Ordonnance exécutive fédérale : vers une régulation unifiée de l’IA

Ordonnance Exécutive Fédérale Cherche à Stopper la Réglementation de l’IA par les États et les Collectivités Locales

Une nouvelle ordonnance exécutive fédérale vise à mettre un terme à la réglementation de l’intelligence artificielle (IA) par les États et les gouvernements locaux, arguant que des lois fragmentées pourraient nuire à la compétitivité des États-Unis. Ce mouvement soulève des questions importantes concernant la préemption fédérale, l’autorité des États et l’avenir des garanties IA locales.

Contexte de l’Ordonnance

Un article récent d’Ogletree Deakins discute de l’ordonnance exécutive fédérale visant à limiter la réglementation de l’IA par les gouvernements locaux et les États. L’ordonnance affirme qu’un patchwork de lois étatiques pourrait freiner l’innovation et la compétitivité des États-Unis. Cette initiative fait suite à la décision du Congrès de renoncer à un moratoire fédéral proposé sur la réglementation étatique de l’IA, ouvrant ainsi la voie à une nouvelle tension entre le fédéral et les États concernant la gouvernance de l’IA.

Principaux Points de l’Ordonnance Exécutive

L’ordonnance, intitulée « Assurer un Cadre Politique National pour l’Intelligence Artificielle », propose une stratégie fédérale pour établir une approche nationale uniforme et peu contraignante concernant l’IA. Elle ordonne à plusieurs agences fédérales de limiter ou de décourager les lois étatiques et locales sur l’IA jugées contraires aux priorités fédérales ou aux principes constitutionnels.

Extraits de l’ordonnance :

Le cadre résultant doit interdire les lois des États qui entrent en conflit avec la politique énoncée dans cette ordonnance.

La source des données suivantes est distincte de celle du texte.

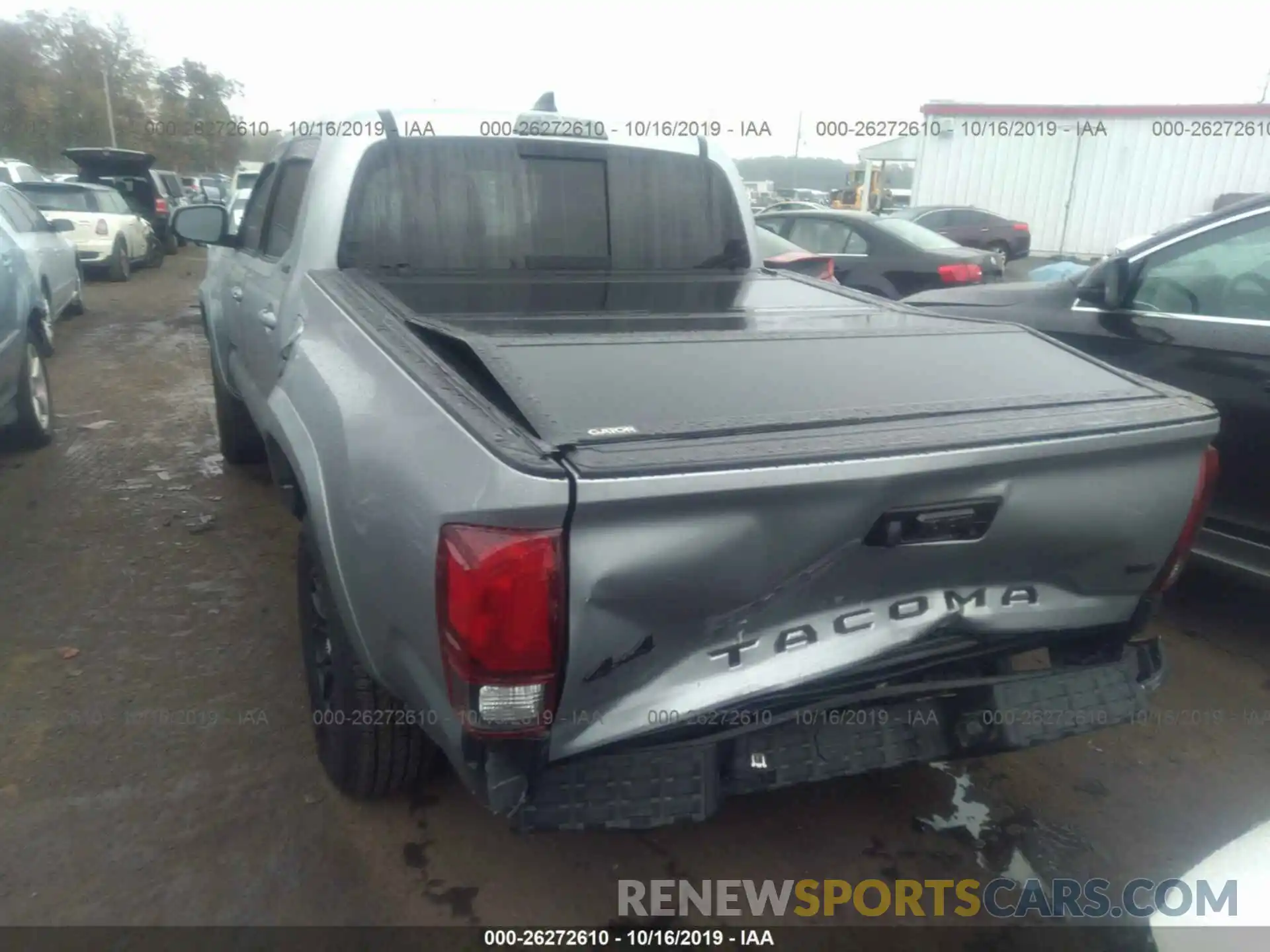 6 Photograph of a damaged car 3TMCZ5AN1KM234092 TOYOTA TACOMA 2019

Jusqu’à ce qu’un standard national soit établi, il est impératif que mon administration prenne des mesures pour contrôler les lois les plus lourdes et excessives émergeant des États qui menacent d’entraver l’innovation.

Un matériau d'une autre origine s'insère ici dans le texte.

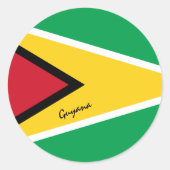 Patriotten van de Guyana- en Guyana-vlag, vakantie Ronde Sticker (Voorkant)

Provisions Clés de l’Ordonnance

  • Task Force sur les Litiges liés à l’IA : L’ordonnance ordonne au Procureur Général des États-Unis d’établir une task force au sein du DOJ dédiée à contester les lois étatiques sur l’IA devant les tribunaux, notamment sur des bases de préemption fédérale, de commerce inter-étatique ou de violations constitutionnelles.
  • Évaluation Fédérale des Lois Étatiques : Le Secrétaire au Commerce doit évaluer les lois étatiques existantes en matière d’IA dans les 90 jours et identifier celles jugées « oppressives », en particulier celles exigeant des modifications des sorties de l’IA ou des divulgations étendues soulevant des préoccupations liées au Premier Amendement.
  • Conditions et Restrictions de Financement : L’accès à certains fonds fédéraux, y compris le financement non déployé dans le cadre du programme de Broadband Equity, Access, and Deployment (BEAD) de 42,5 milliards de dollars, pourrait être conditionné à la posture réglementaire de l’État en matière d’IA, dans la mesure permise par la loi.
  • Préemption et Normes Nationales : L’ordonnance appelle à des recommandations législatives pour établir un cadre fédéral sur l’IA qui préempte expressément les lois étatiques conflictuelles et ordonne aux agences d’explorer des normes nationales de rapports, de divulgation et d’application pour l’IA.

Répercussions Anticipées

L’ordonnance devrait faire face à des contestations juridiques de la part des États et des collectivités qui ont déjà adopté des lois sur l’IA abordant la transparence, le biais, la vie privée, la discrimination et la sécurité publique. Selon la National Conference of State Legislatures, tous les États et plusieurs territoires ont examiné des législations sur l’IA en 2025, soulignant l’ampleur de l’implication des États dans ce domaine politique.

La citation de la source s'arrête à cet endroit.